The next round of currency crises hit Russia, Brazil and Argentina.
And when a currency crisis hit Russia, it helped bring down Long-Term Capital Management, a hedge fund run by a couple of Nobel laureate simpletons, who decided to put their vast knowledge of economics to work feathering their nests and in the process almost caused the collapse of the entire U.S. financial system.
Then the chickens came home to roost, when the dotcom bubble burst.
By 2002, the Federal Reserve and just about everyone else was talking about imminent deflation and the zero lower bound on monetary policy.
The Clinton-Gingrich deal and its aftermath confirmed that not only are the fascists using deficit spending to prop up the rate of profit, as the charts below shows, when the fascists finally got second thoughts about the implications of this behavior and tried to balance the budget, as during the Clinton administration …
… the United States national capital almost immediately rolled over like a sinking garbage scow into the third depression in the last 90 years — a depression that has, so far, lasted 20 years:
Oh, you didn’t know we have been in a depression since 2000?
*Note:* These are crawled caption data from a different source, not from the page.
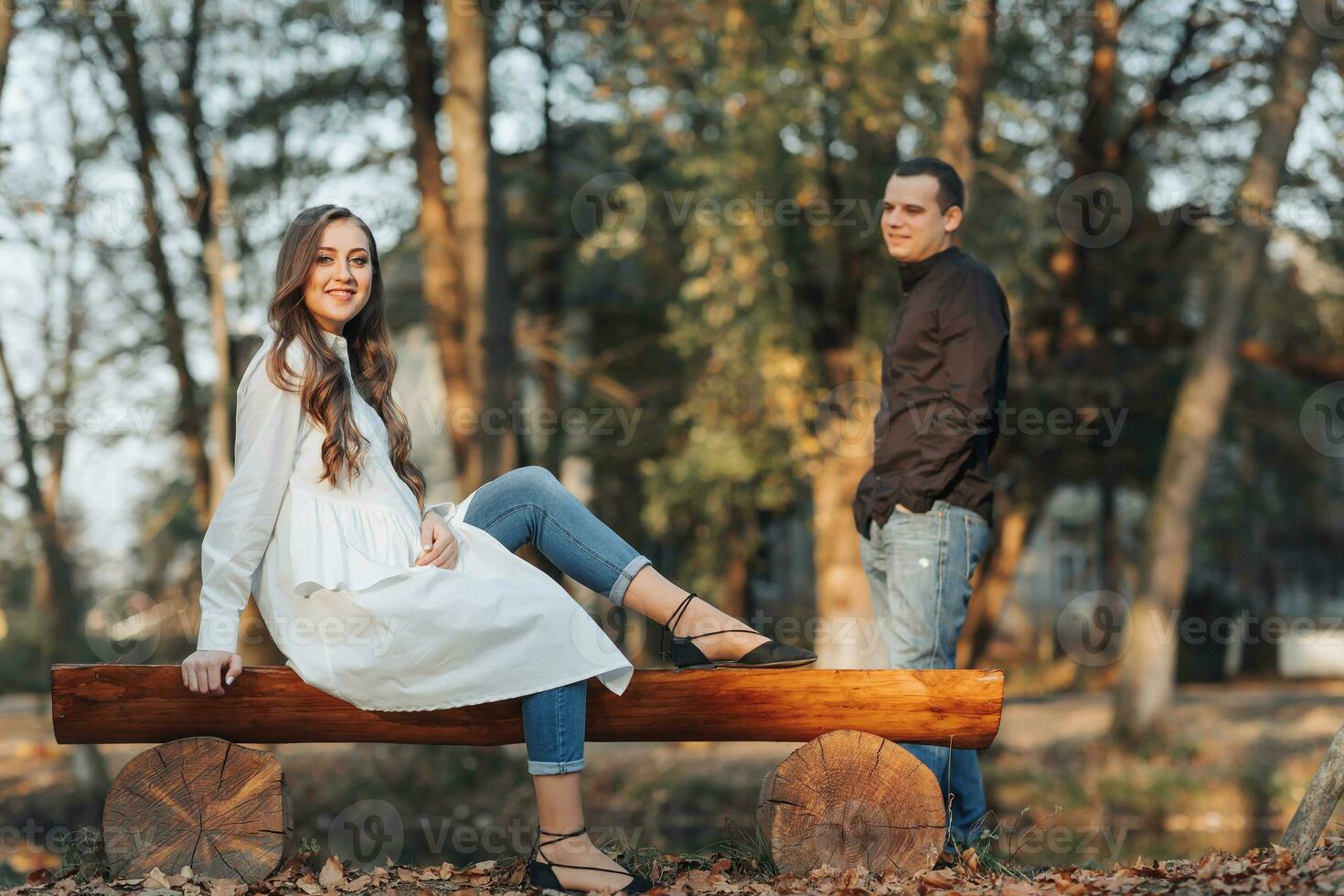 young happy pregnant woman relaxing and enjoying life in nature. The beauty of a woman during pregnancy. Autumn mood during pregnancy. Self improvement. photo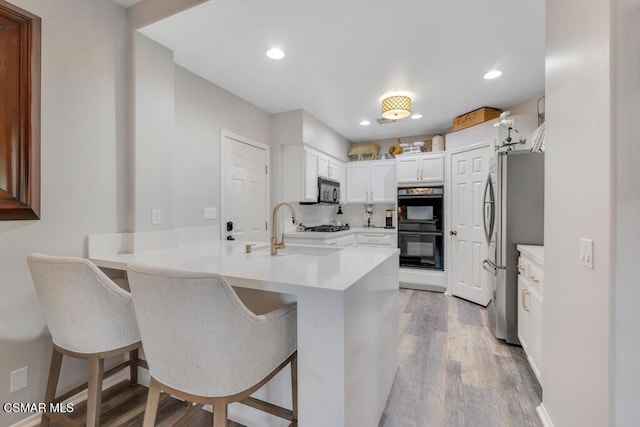 kitchen featuring black appliances, kitchen peninsula, white cabinetry, and a kitchen bar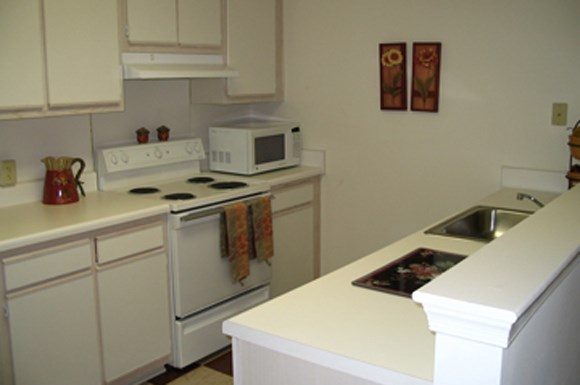 a kitchen with a stove microwave and sink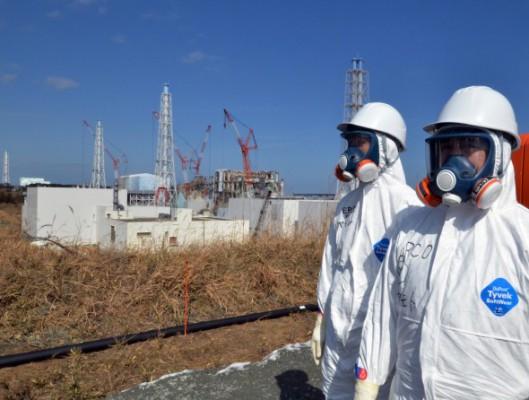 Arbetare står nära det havererade kärnkraftverket Daiichi i Fukushima i slutet av februari. (Foto: Yoshikazu Tsuno /AFP/Getty Images)
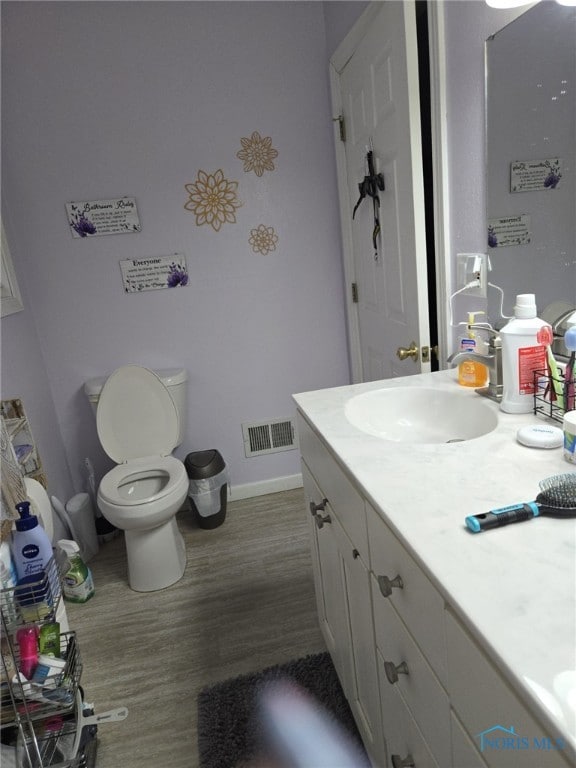 bathroom with hardwood / wood-style flooring, vanity, and toilet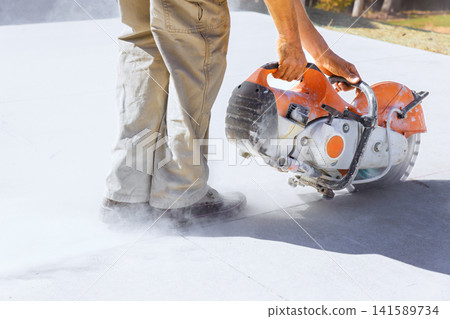 Masonry contractor is using concrete saw to cut through surface while dust clouds form around saw feet. 141589734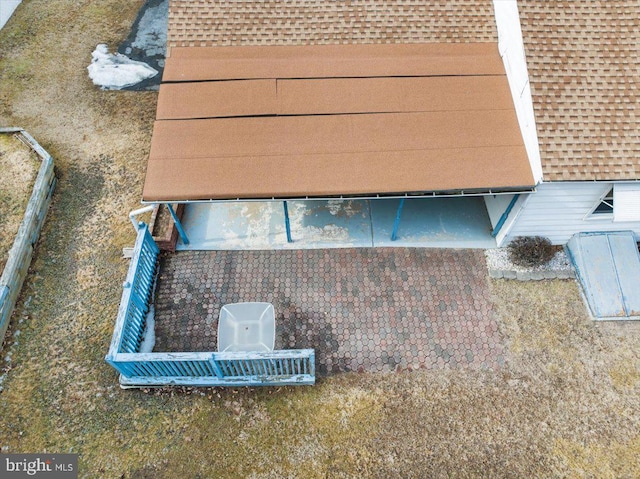 details with a shingled roof and a bulkhead entry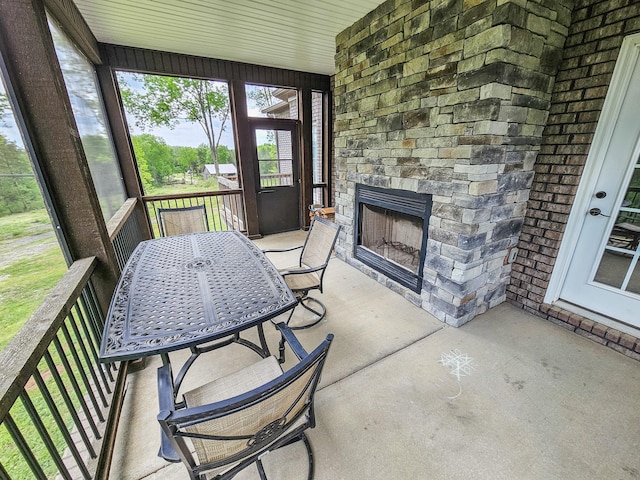 2971 Ownby Rd, Lewisburg, TN 37091 - sunroom with outdoor dining area and a fireplace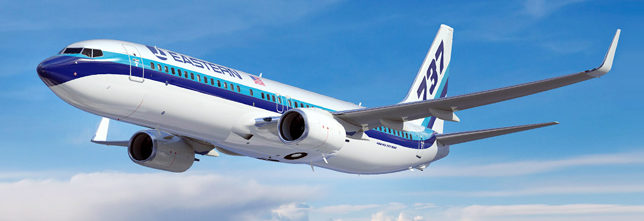 a white and blue airplane in the sky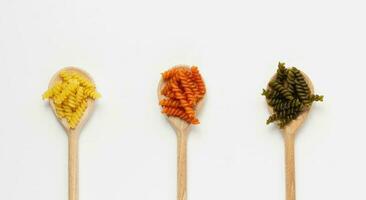 Uncooked pasta torti on wooden spoons on white background. photo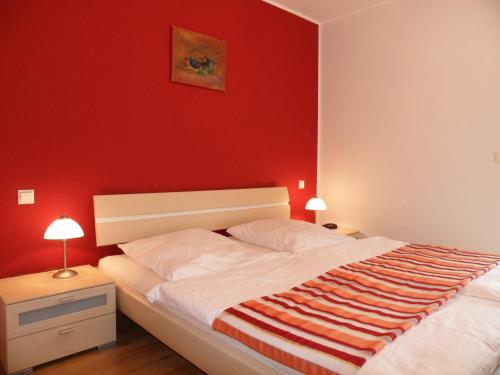 a bedroom with a bed with a red wall at Schloonseevilla mit Tiefgarage - 200 m zum Strand in Heringsdorf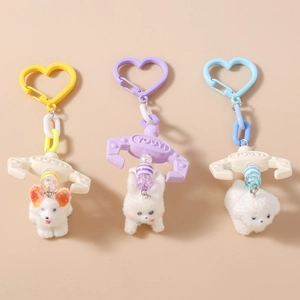Creative plush puppy claw machine keychain set in pastel yellow, purple and blue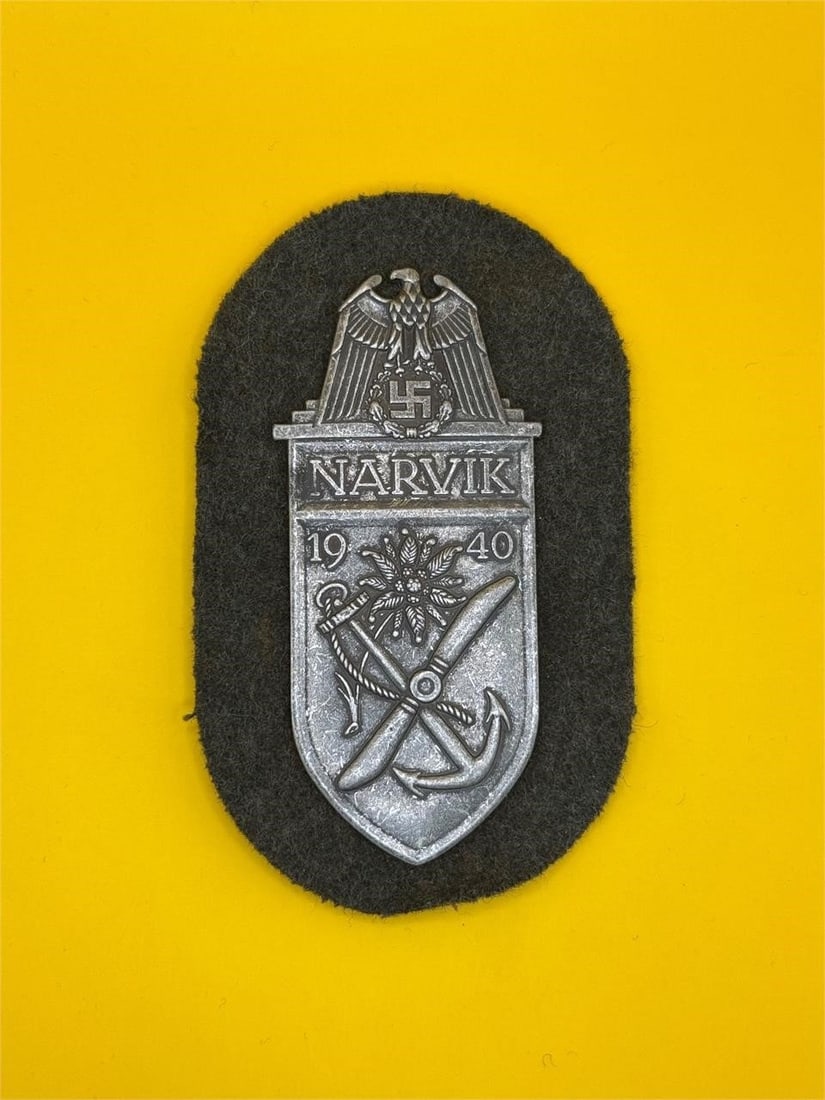 WWII Narvik Campaign Shield - Heer: Awarded to German Heer troops in the 1940 Narvik campaign, this zinc shield features an eagle over "Narvik," with edelweiss, propeller, and anchor symbols. Includes original green cloth backing and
It’s not just you. A lot of dumb Marxists, like Andrew Kliman, have been arguing on behalf of the role of the falling rate of profit in crises and don’t realize we have been in a depression for precisely this reason for two decades. You are a member of a very big club.
Who knew it was as easy to fool poor dumb Marxists with valueless currency as it was to fool poor, historically doomed dirt farmers — even in the middle of a depression that has lasted two decades now?